YOUR GOAL:
Make an exact copy of the lines from the one holding "Oberman / Trapp" through the end of the entries below, both ends kept, and of nothing else. Exclude pictures.

┄┄┄┄┄┄

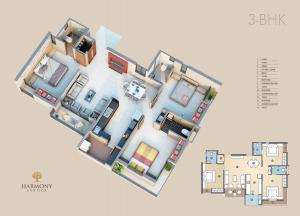Harmony Exotica - Floor plan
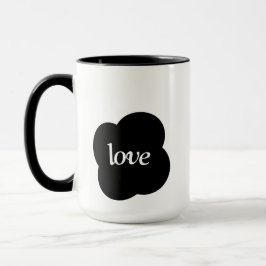 Simple black and white scripture Two-Tone mug  Mok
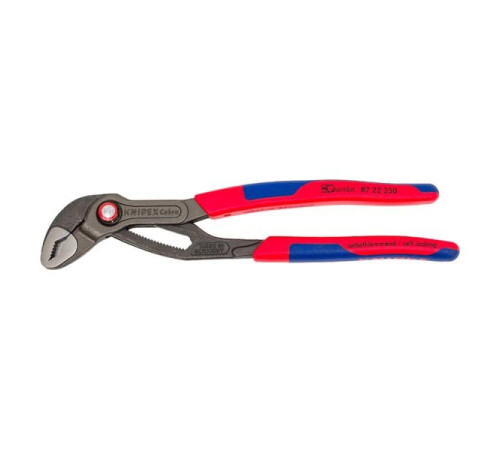 Захватные клещи KNIPEX Cobra QuickSet, 50 мм (2"), 250 мм, 2К ручки, KN-8722250SB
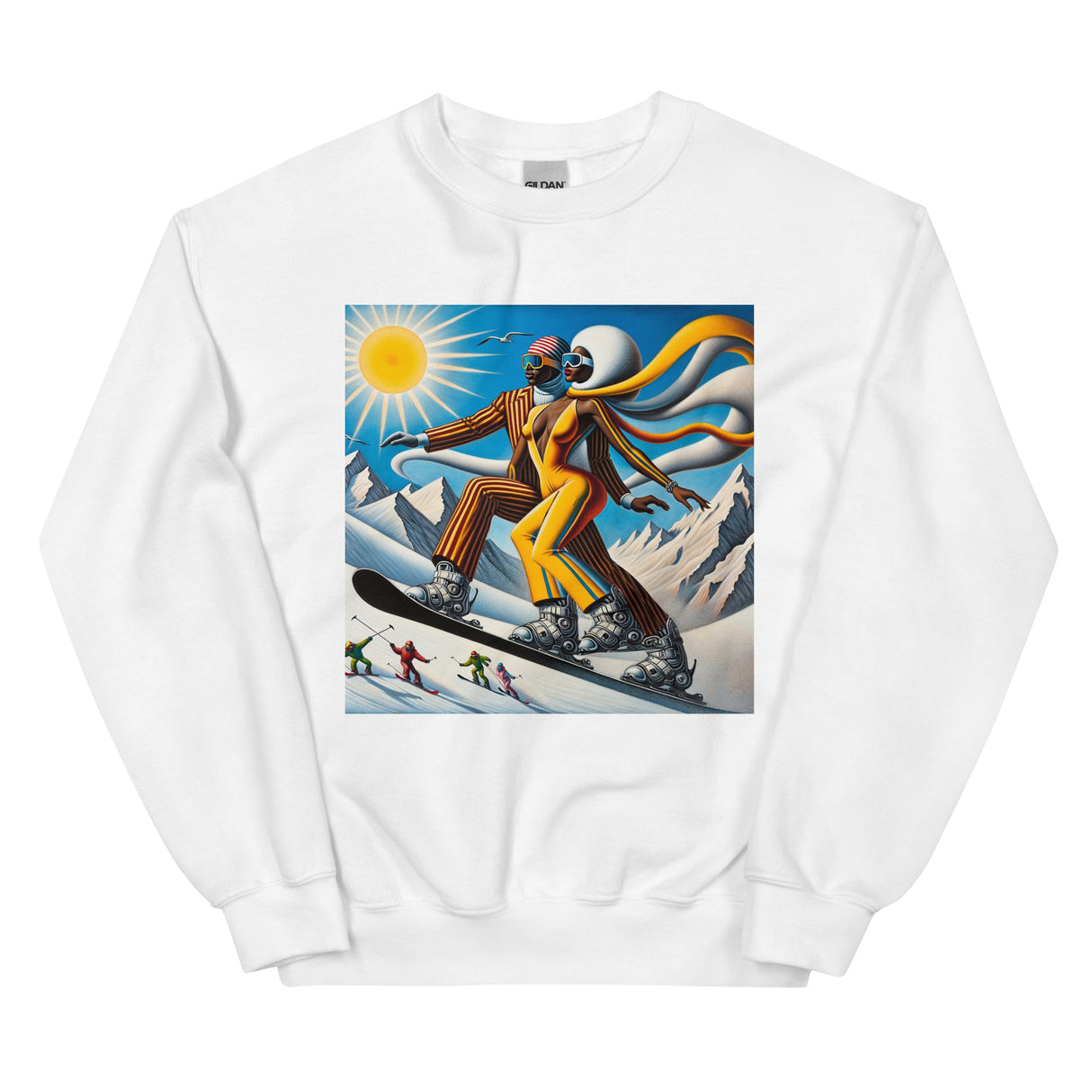 Slope Swerve - Unisex Sweatshirt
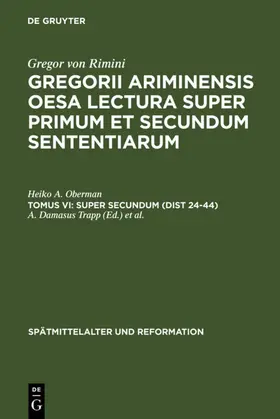 Oberman / Trapp / Marcolino |  Super Secundum (Dist 24-44) | eBook | Sack Fachmedien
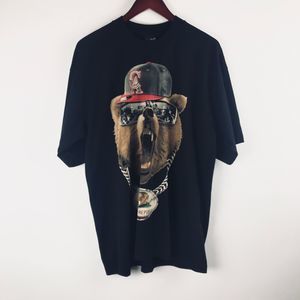 California republic bear short sleeve black graphic shirt men’s size XL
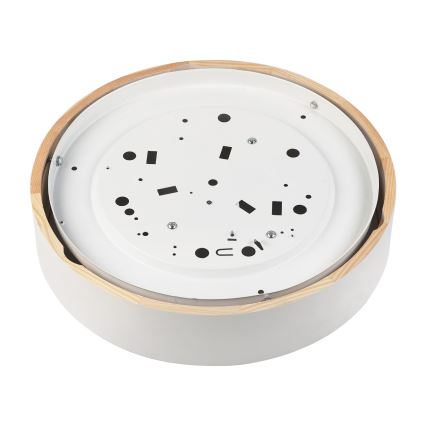 Plafoniera NATURAL 3xE27/15W/230V Ø 37,5 cm pino/bianco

┄┄┄┄┄┄

OUTPUT BELOW:
 Oberman / Trapp / Marcolino |  Super Secundum (Dist 24-44) | eBook | Sack Fachmedien
 California republic bear short sleeve black graphic shirt men’s size XL
 Plafoniera NATURAL 3xE27/15W/230V Ø 37,5 cm pino/bianco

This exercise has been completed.